LENCINAS Maria Vanessa
Alternative silviculture practices with variable retention improve bird conservation in managed South Patagonian forests
LENCINAS, MV; MARTÍNEZ PASTUR, G; GALLO, E; CELLINI, JM
FOREST ECOLOGY AND MANAGEMENT
Lugar: Amsterdam; Año: 2009 vol. 258 p. 472 - 480
Alternative silvicultural approaches to timber management, such as regeneration treatments with different degrees of stand retention, may mitigate negative effects of clear-cutting or shelterwood cuts in forested ecosystems, including changes in old-growth forest bird communities. The aims of this work were: (a) to compare bird species richness and densities among different silvicultural designs with variable retention (dispersed and/or aggregated) and unmanaged primary forests, and (b) to assess temporal changes at community and species levels before and after treatments. A baseline avian survey was conducted prior to harvesting to evaluate canopy gap presence and forest stand site quality influences. Subsequent to harvesting, data on bird species richness and density were collected by point-count sampling during the summer season for 5 consecutive years (4 treatments x 5 years x 6 sampling points x 5 counts). Bird species richness and density (15 species and 9.2 individuals ha-1) did not change significantly with forest site quality of the stands and canopy gap presence in unmanaged forests. However, both variables were significantly modified in managed forests, increasing over time to 18 species and reaching to 39 individuals ha-1. Inside the aggregated retention, bird communities were more similar to unmanaged primary forests than those observed within the dispersed retention or in clear-cuts.
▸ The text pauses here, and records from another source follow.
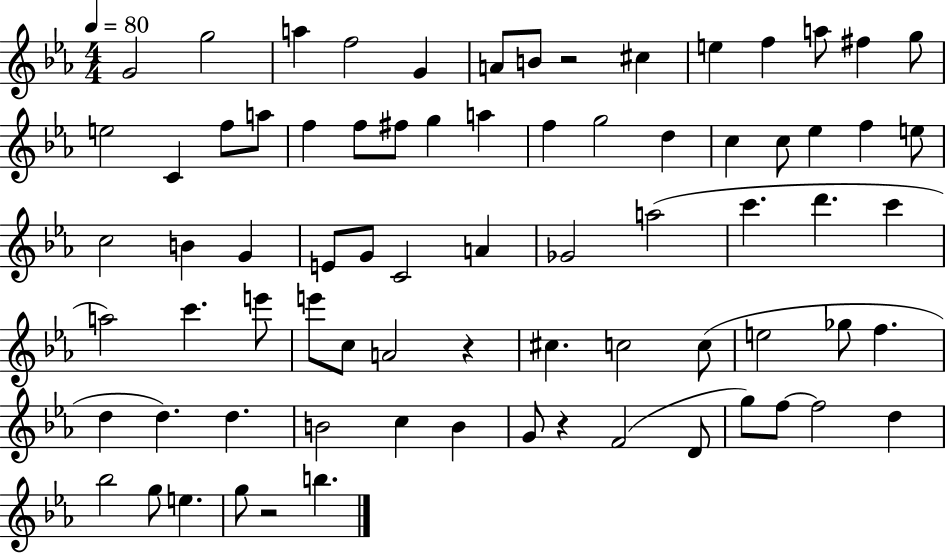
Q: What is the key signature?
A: EES major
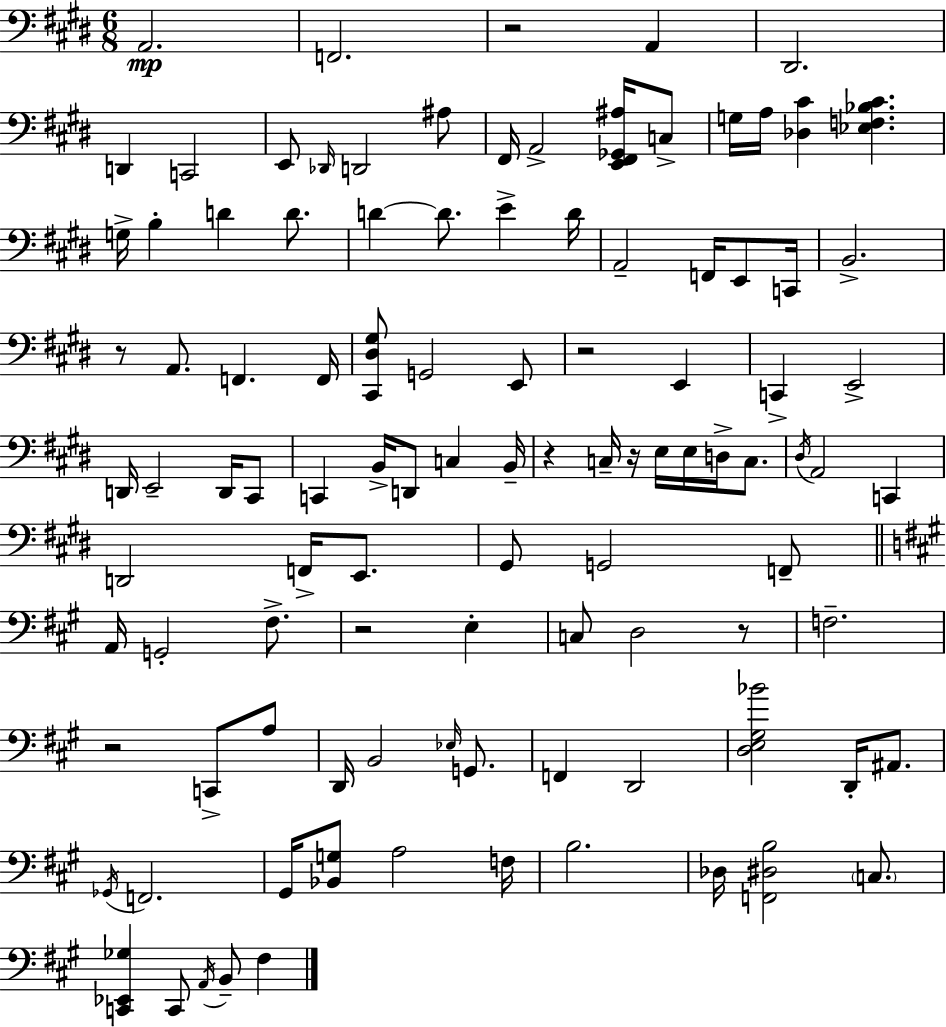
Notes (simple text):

A2/h. F2/h. R/h A2/q D#2/h. D2/q C2/h E2/e Db2/s D2/h A#3/e F#2/s A2/h [E2,F#2,Gb2,A#3]/s C3/e G3/s A3/s [Db3,C#4]/q [Eb3,F3,Bb3,C#4]/q. G3/s B3/q D4/q D4/e. D4/q D4/e. E4/q D4/s A2/h F2/s E2/e C2/s B2/h. R/e A2/e. F2/q. F2/s [C#2,D#3,G#3]/e G2/h E2/e R/h E2/q C2/q E2/h D2/s E2/h D2/s C#2/e C2/q B2/s D2/e C3/q B2/s R/q C3/s R/s E3/s E3/s D3/s C3/e. D#3/s A2/h C2/q D2/h F2/s E2/e. G#2/e G2/h F2/e A2/s G2/h F#3/e. R/h E3/q C3/e D3/h R/e F3/h. R/h C2/e A3/e D2/s B2/h Eb3/s G2/e. F2/q D2/h [D3,E3,G#3,Bb4]/h D2/s A#2/e. Gb2/s F2/h. G#2/s [Bb2,G3]/e A3/h F3/s B3/h. Db3/s [F2,D#3,B3]/h C3/e. [C2,Eb2,Gb3]/q C2/e A2/s B2/e F#3/q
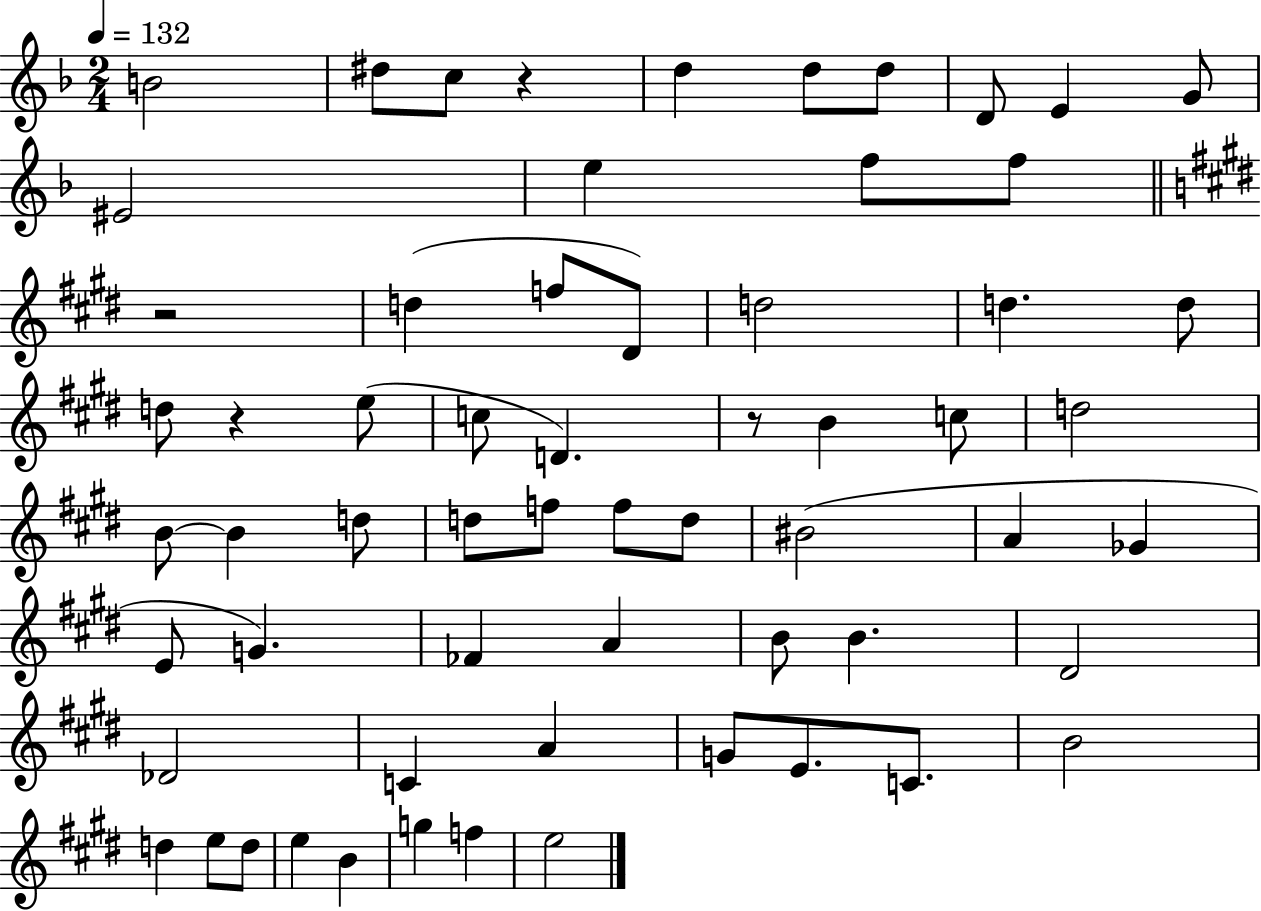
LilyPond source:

{
  \clef treble
  \numericTimeSignature
  \time 2/4
  \key f \major
  \tempo 4 = 132
  b'2 | dis''8 c''8 r4 | d''4 d''8 d''8 | d'8 e'4 g'8 | \break eis'2 | e''4 f''8 f''8 | \bar "||" \break \key e \major r2 | d''4( f''8 dis'8) | d''2 | d''4. d''8 | \break d''8 r4 e''8( | c''8 d'4.) | r8 b'4 c''8 | d''2 | \break b'8~~ b'4 d''8 | d''8 f''8 f''8 d''8 | bis'2( | a'4 ges'4 | \break e'8 g'4.) | fes'4 a'4 | b'8 b'4. | dis'2 | \break des'2 | c'4 a'4 | g'8 e'8. c'8. | b'2 | \break d''4 e''8 d''8 | e''4 b'4 | g''4 f''4 | e''2 | \break \bar "|."
}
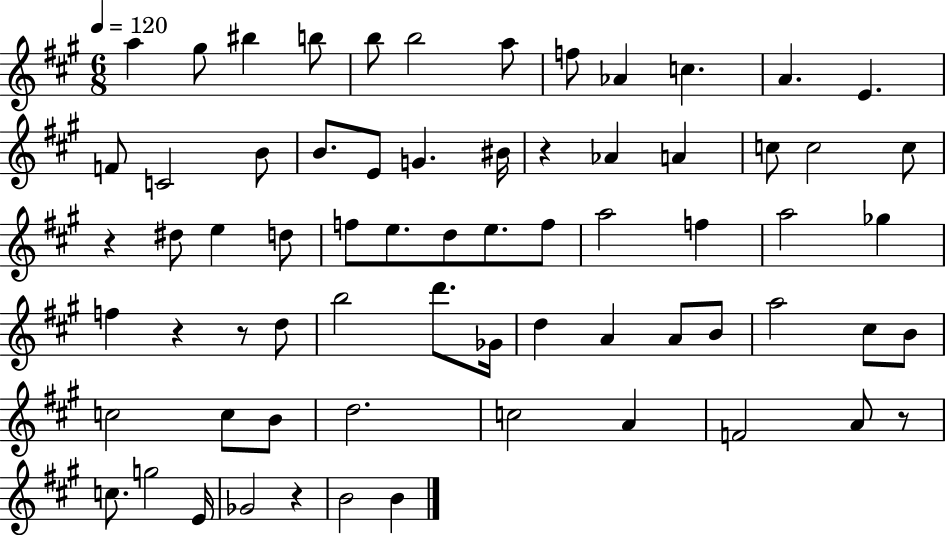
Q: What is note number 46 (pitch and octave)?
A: A5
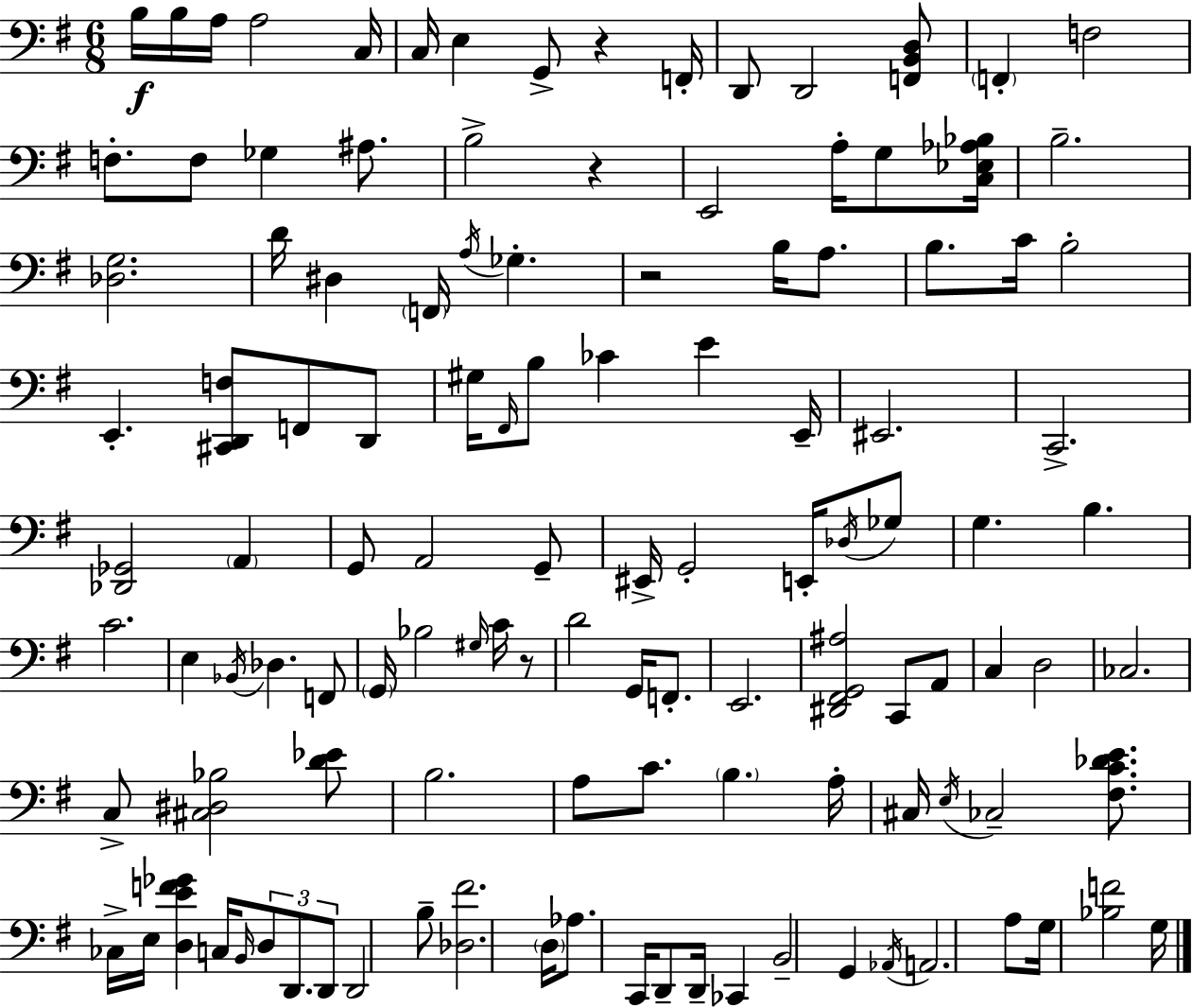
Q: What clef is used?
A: bass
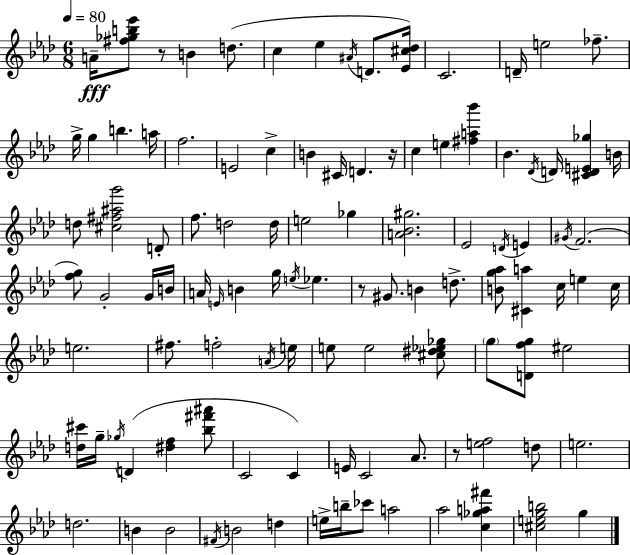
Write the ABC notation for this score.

X:1
T:Untitled
M:6/8
L:1/4
K:Ab
A/4 [^f_gb_e']/2 z/2 B d/2 c _e ^A/4 D/2 [_E^c_d]/4 C2 D/4 e2 _f/2 g/4 g b a/4 f2 E2 c B ^C/4 D z/4 c e [^fa_b'] _B _D/4 D/4 [^CDE_g] B/4 d/2 [^c^f^ag']2 D/2 f/2 d2 d/4 e2 _g [A_B^g]2 _E2 D/4 E ^G/4 F2 [fg]/2 G2 G/4 B/4 A/4 E/4 B g/4 e/4 _e z/2 ^G/2 B d/2 [Bg_a]/2 [^Ca] c/4 e c/4 e2 ^f/2 f2 A/4 e/4 e/2 e2 [^c^d_e_g]/2 g/2 [Dfg]/2 ^e2 [d^c']/4 g/4 _g/4 D [^df] [_b^f'^a']/2 C2 C E/4 C2 _A/2 z/2 [ef]2 d/2 e2 d2 B B2 ^F/4 B2 d e/4 b/4 _c'/2 a2 _a2 [c_ga^f'] [^cegb]2 g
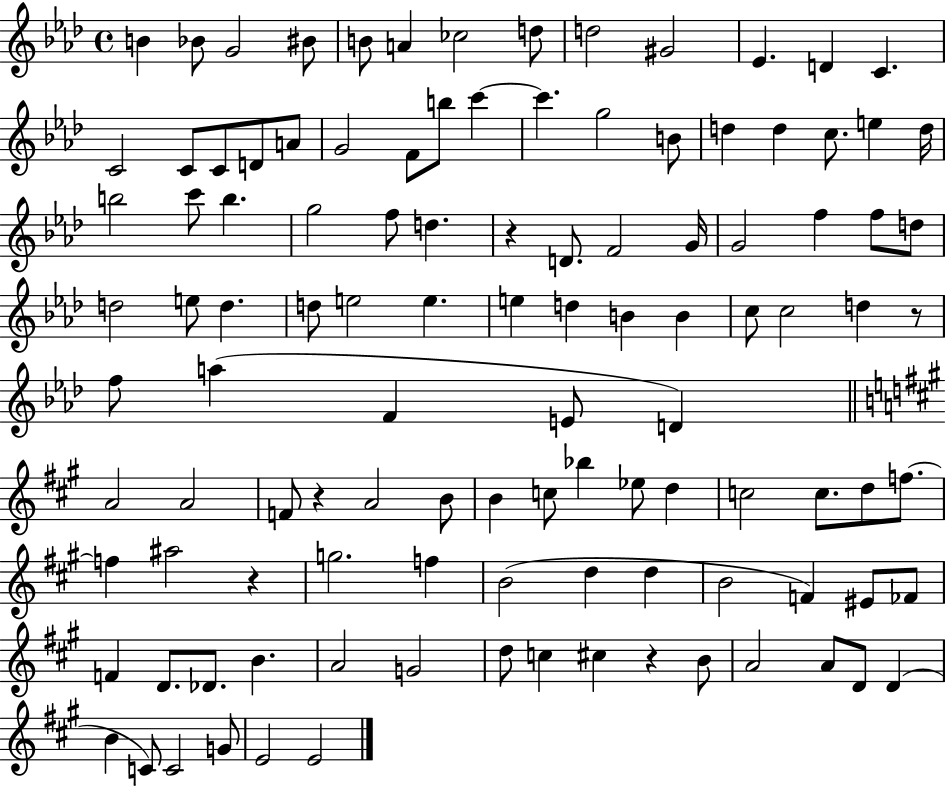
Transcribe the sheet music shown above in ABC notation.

X:1
T:Untitled
M:4/4
L:1/4
K:Ab
B _B/2 G2 ^B/2 B/2 A _c2 d/2 d2 ^G2 _E D C C2 C/2 C/2 D/2 A/2 G2 F/2 b/2 c' c' g2 B/2 d d c/2 e d/4 b2 c'/2 b g2 f/2 d z D/2 F2 G/4 G2 f f/2 d/2 d2 e/2 d d/2 e2 e e d B B c/2 c2 d z/2 f/2 a F E/2 D A2 A2 F/2 z A2 B/2 B c/2 _b _e/2 d c2 c/2 d/2 f/2 f ^a2 z g2 f B2 d d B2 F ^E/2 _F/2 F D/2 _D/2 B A2 G2 d/2 c ^c z B/2 A2 A/2 D/2 D B C/2 C2 G/2 E2 E2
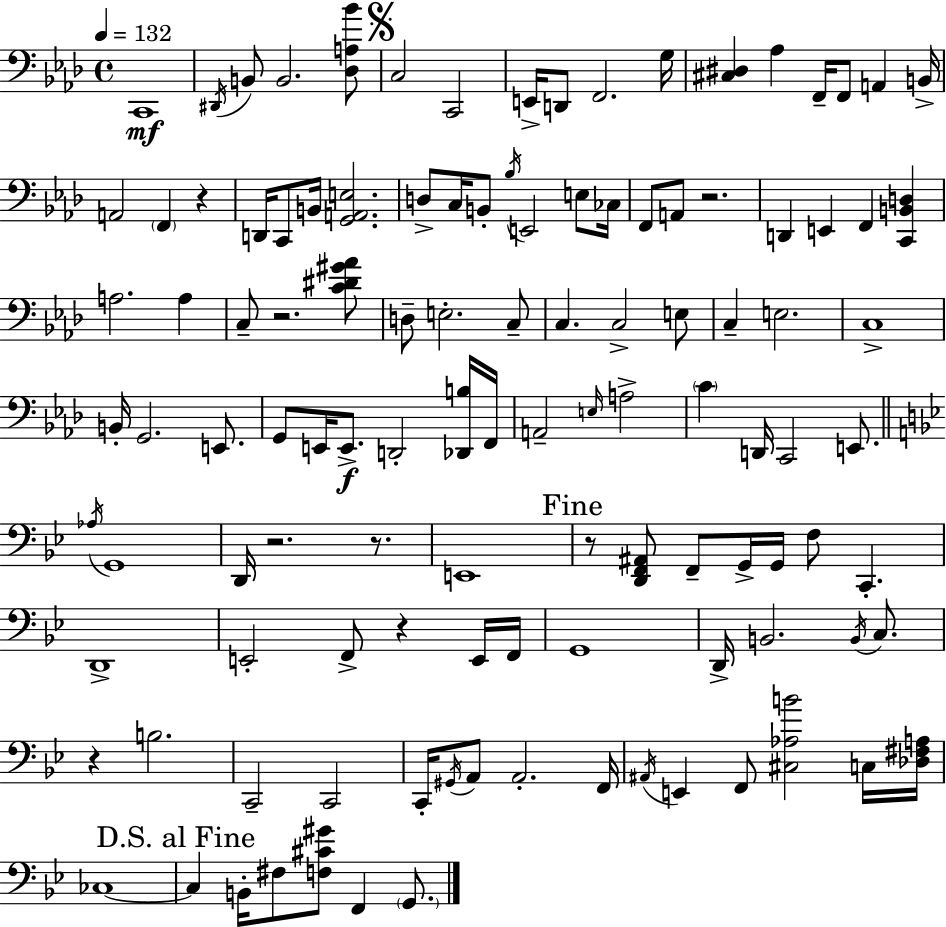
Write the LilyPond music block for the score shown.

{
  \clef bass
  \time 4/4
  \defaultTimeSignature
  \key f \minor
  \tempo 4 = 132
  c,1\mf | \acciaccatura { dis,16 } b,8 b,2. <des a bes'>8 | \mark \markup { \musicglyph "scripts.segno" } c2 c,2 | e,16-> d,8 f,2. | \break g16 <cis dis>4 aes4 f,16-- f,8 a,4 | b,16-> a,2 \parenthesize f,4 r4 | d,16 c,8 b,16 <g, a, e>2. | d8-> c16 b,8-. \acciaccatura { bes16 } e,2 e8 | \break ces16 f,8 a,8 r2. | d,4 e,4 f,4 <c, b, d>4 | a2. a4 | c8-- r2. | \break <c' dis' gis' aes'>8 d8-- e2.-. | c8-- c4. c2-> | e8 c4-- e2. | c1-> | \break b,16-. g,2. e,8. | g,8 e,16 e,8.->\f d,2-. | <des, b>16 f,16 a,2-- \grace { e16 } a2-> | \parenthesize c'4 d,16 c,2 | \break e,8. \bar "||" \break \key bes \major \acciaccatura { aes16 } g,1 | d,16 r2. r8. | e,1 | \mark "Fine" r8 <d, f, ais,>8 f,8-- g,16-> g,16 f8 c,4.-. | \break d,1-> | e,2-. f,8-> r4 e,16 | f,16 g,1 | d,16-> b,2. \acciaccatura { b,16 } c8. | \break r4 b2. | c,2-- c,2 | c,16-. \acciaccatura { gis,16 } a,8 a,2.-. | f,16 \acciaccatura { ais,16 } e,4 f,8 <cis aes b'>2 | \break c16 <des fis a>16 ces1~~ | \mark "D.S. al Fine" ces4 b,16-. fis8 <f cis' gis'>8 f,4 | \parenthesize g,8. \bar "|."
}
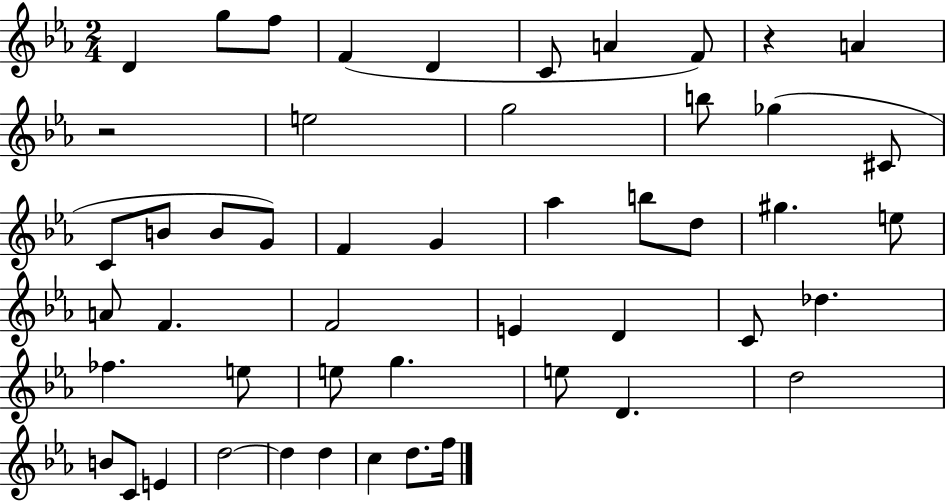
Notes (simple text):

D4/q G5/e F5/e F4/q D4/q C4/e A4/q F4/e R/q A4/q R/h E5/h G5/h B5/e Gb5/q C#4/e C4/e B4/e B4/e G4/e F4/q G4/q Ab5/q B5/e D5/e G#5/q. E5/e A4/e F4/q. F4/h E4/q D4/q C4/e Db5/q. FES5/q. E5/e E5/e G5/q. E5/e D4/q. D5/h B4/e C4/e E4/q D5/h D5/q D5/q C5/q D5/e. F5/s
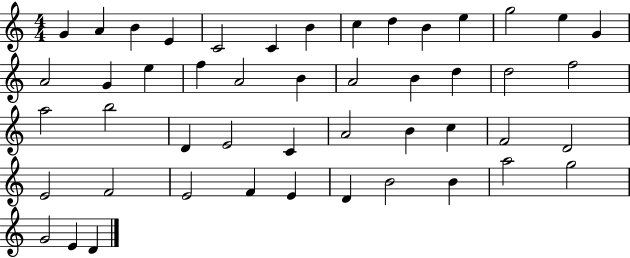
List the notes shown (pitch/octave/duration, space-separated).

G4/q A4/q B4/q E4/q C4/h C4/q B4/q C5/q D5/q B4/q E5/q G5/h E5/q G4/q A4/h G4/q E5/q F5/q A4/h B4/q A4/h B4/q D5/q D5/h F5/h A5/h B5/h D4/q E4/h C4/q A4/h B4/q C5/q F4/h D4/h E4/h F4/h E4/h F4/q E4/q D4/q B4/h B4/q A5/h G5/h G4/h E4/q D4/q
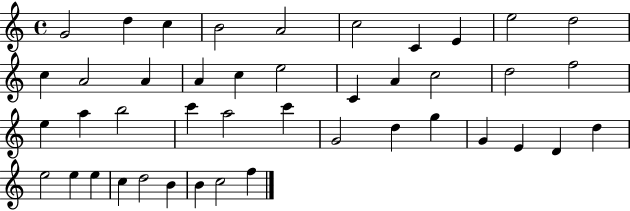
X:1
T:Untitled
M:4/4
L:1/4
K:C
G2 d c B2 A2 c2 C E e2 d2 c A2 A A c e2 C A c2 d2 f2 e a b2 c' a2 c' G2 d g G E D d e2 e e c d2 B B c2 f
Opting for a regeneration method with dispersed and aggregated retention has great potential for managing birds in Nothofagus pumilio forests. This method retained enough vegetation structure in a stand to permit the establishment of early successional birds (at least in dispersed retention), and to maintain the bird species of old-growth forests which could persisted in the retention aggregates.